Action Alert | Redefining Liberation in Women’s Labor: Building Inclusive, Nuanced, and Intersectional Feminist Movements

At its core, feminism is about equality for all genders, yet this broader theory manifests itself in many different ways. In the late 19th century came first-wave feminism resulting in recognizing women as people rather than property. In the 1960s and 70s came second-wave feminism with three distinct types of feminism. First was cultural feminism, stating that there was a “female essence” set women apart from men. The second was mainstream or liberal feminism, which focused on men and women having equal opportunities within the existing society. The third was radical feminism, calling for a complete overhaul of the current patriarchal society as the only path to liberation for women. In the 1980s came the third wave of feminism, which introduced race and class as central to conversations about women’s liberation through concepts such as Kimberle Crenshaw’s “intersectionality,” explaining how various forms of oppression compound and intersect. 

To make sure our advocacy is inclusive, we must recognize feminism’s history of exclusion of women of color.
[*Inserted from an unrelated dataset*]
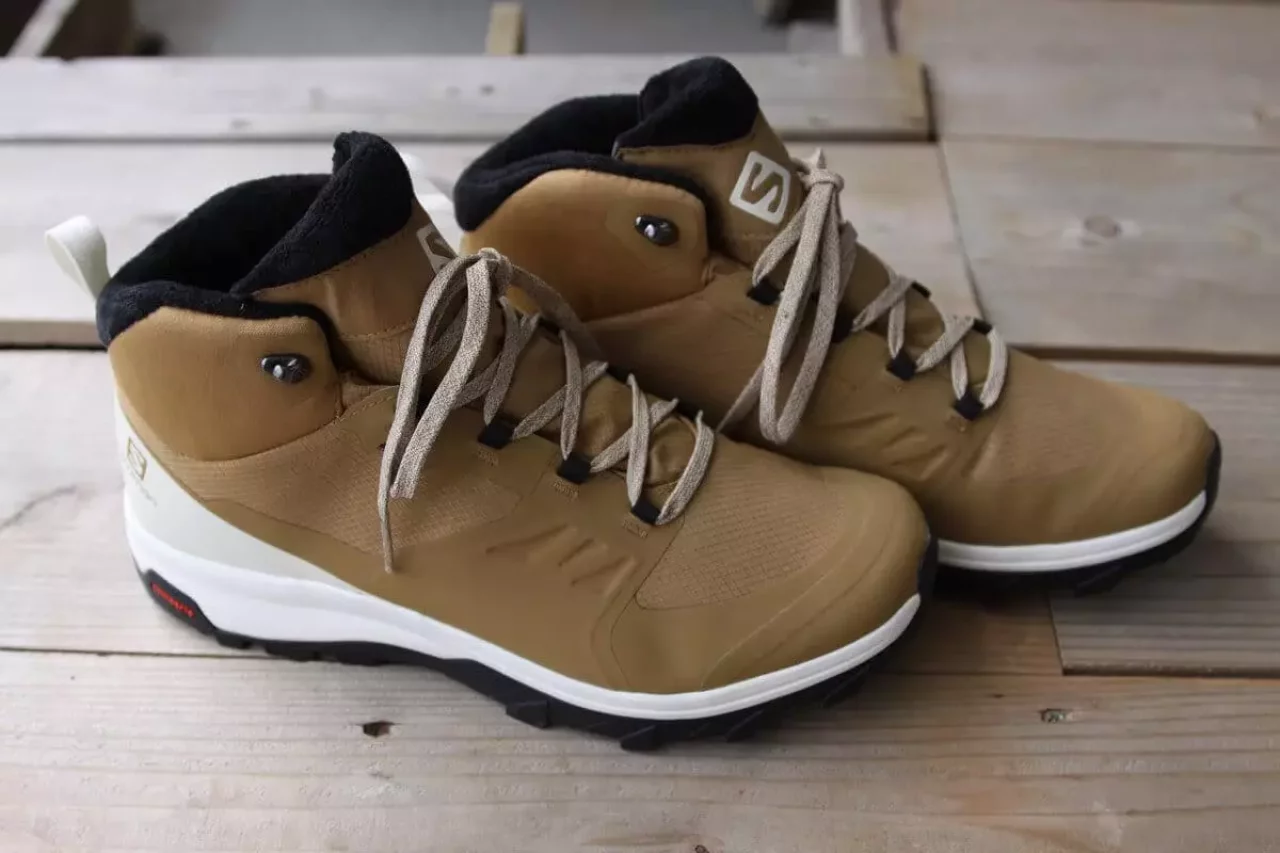 ウインターシューズ サロモンOUTsnap CSWP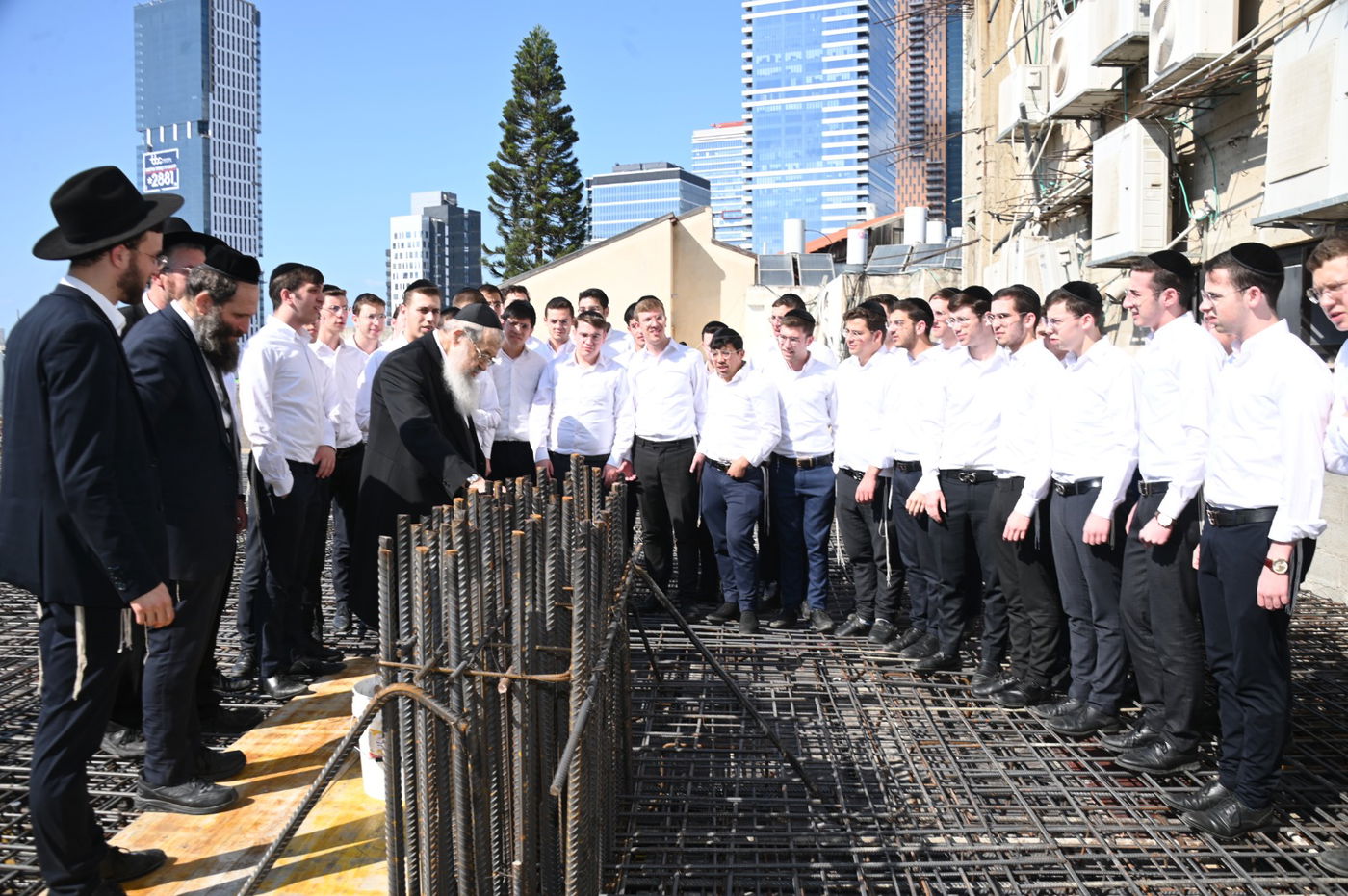 בחורי 'בית מתתיהו' רקדו עם ראש הישיבה - באתר הבנייה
For example, liberal feminism’s focus on the work environment, particularly in terms of equal pay, better work conditions, and ending sex segregation and discrimination within the workplace, is essential but does not consider the different relationships that women of color, particularly Black women, have to labor as opposed to white women. 

For generations, Black labor was never a choice; instead, it was something that was violently extracted. During four centuries of enslavement, this labor was done on the plantation, yet even post-enslavement, Black women’s labor continued. After the Civil War and during the Jim Crow era, Black women were forced back into white families' homes to provide services for them. Their wage labor became the primary source of income for their families, leaving their children at home while working as domestic servants or laundresses in white homes.

Indigenous women experienced a similar history of labor extraction. Contrary to how we were taught history, Black people were not the only ones enslaved. Bondage for Indigenous folks was much harder to classify, taking on the form of convict leasing, child servitude, captive trading, and more - working on remote frontiers rather than plantations. 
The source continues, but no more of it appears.